Scouting Elite stops before off limits


Bassmaster Marshal

Now that the tournament season is over I plan to scout some of the lakes I’ll be fishing on the Bassmaster Elite Series next year before they become off limits. I won’t have time to pre-fish all of them, but I believe I can work in trips to Lanier, Hartwell and to the Tennessee River where the Classic will be.

Because I’ll be scouting these lakes months ahead of time, I’ll be doing far more looking than fishing. It’s hard to resist fishing a little bit, but the last thing you want to do is get stuck on a pattern or place that won’t be productive months later when the tournament starts.

I’m a shallow water guy. I don’t care how cold or hot it is, there’s always a population of fish that lives shallow. Maybe not as many of them, but there are always fish in shallow water. I think some of the biggest bass stay shallow.

By shallow, I’m not necessarily talking about right up on the bank. To me, anything less than 8 feet is shallow, and that can be on points.

I will definitely look offshore, too. That is where the majority of the fish are and the bite is more consistent out deep.

I’ll be doing a lot of riding around to get a feel for how the lakes set up. Some of them will be drawn down for the winter, so I’ll be able to see features like stumps, brush and rocks that will be under the water during the tournament.

I like to take pictures of promising places. The pictures make it easier to visualize what’s under the water when I come back.

Lake Lanier (Feb. 14-17)

Spotted bass will play big at Lanier because they are so much more numerous than the largemouth. There are some really big spots at Lanier, and you don’t have to be fishing a drop shot in 40 feet of water to catch them.

I’ll be looking for docks and points close to the main lake or a creek channel. Those are places where the bass can slide up and get a belly full and slide back out. I believe a 6th Sense Provoke Jerkbait will catch them from docks and points. That bait comes in a short and along bill model and there will be places for both.

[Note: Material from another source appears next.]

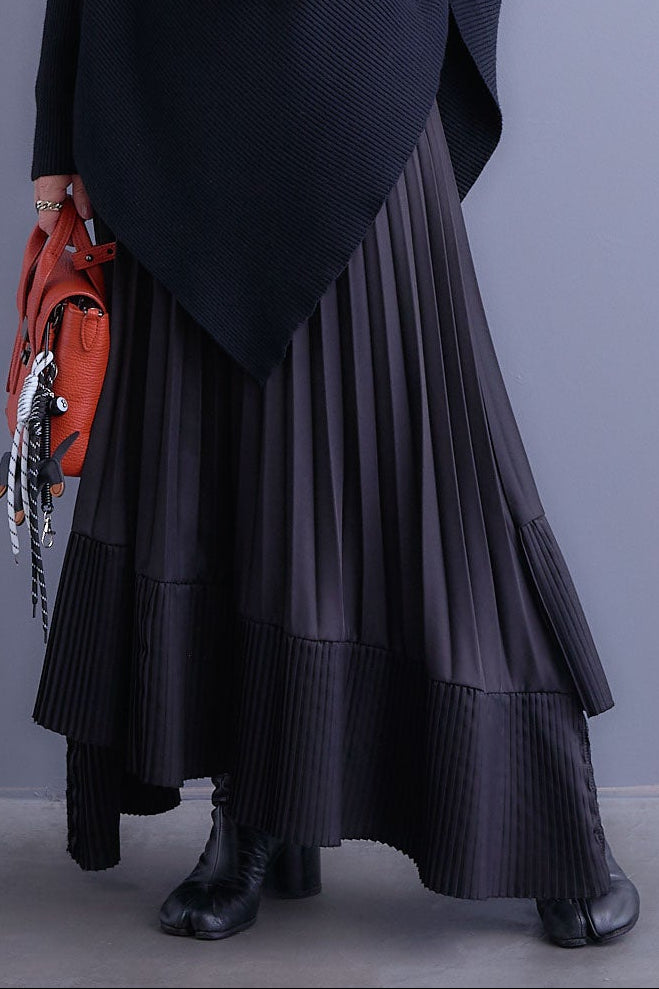 アシンメトリープリーツスカート 新色追加】【予約】アシンメトリー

Jigs should also play there in February. I’ll probably be fishing a casting jig around the docks and a football jig on the points. A shaky head is a really good bait in winter and early spring. I’ll tempt Lanier’s spots with a 1/4-ounce TruSouth Custom Lures shaky head jig with a straight tail 6-inch worm.

Tennessee River March 15-17 (Bassmaster Classic)

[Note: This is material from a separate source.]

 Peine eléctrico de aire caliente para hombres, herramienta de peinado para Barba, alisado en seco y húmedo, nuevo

There will probably be fish in transition from their winter to prespawn patterns on the Tennessee River in mid March. I’ll focus my attention in practice up shallow where the bass will be coming to that time of year.

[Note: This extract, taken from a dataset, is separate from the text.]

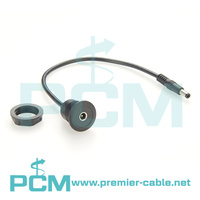 DC Power 5,5mm X 2,1mm Jack macho a hembra Cable de extensión de montaje en panel redondo, montaje empotrado en chasis de MM, toma de corriente DC5521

The bass will be gathered outside of spawning areas on rocky and pea gravel banks and points. There are typically cold mornings and days that time of year and the rocks hold the sun’s heat. The heat attracts the bass.

The creeks will be a good place to start looking for them during the official practice days before the Classic, but a lot of people overlook main-lake rocky points that lead into spawning pockets. I believe moving style baits will work there. That includes square bills, crankbaits that dive 6 to 8 feet deep, Chatterbaits and spinnerbaits. 

Lake Hartwell (April 4-7)

The Hartwell tournament will definitely be a late prespawn-spawning deal. In pre-practice I’ll be looking for shallow boat docks and shallow pockets that have the right ingredients for spawning. That could be a sandy bottom, rocks and laydowns in the backs of pockets.

There could be sight fishing for spawning bass during the tournament, but fishing a wacky worm around docks should do very well. And there’s likely to be a chatterbait and spinnerbait bite going in the backs of creeks, too.

It’s hard to overcome the urge to fish when you’re scouting months ahead of time. I will fish for a couple of hours between riding around and scouting. But I can’t let myself get caught up in how I’m catching fish in pre-practice and think it’s going to work when the tournament comes around.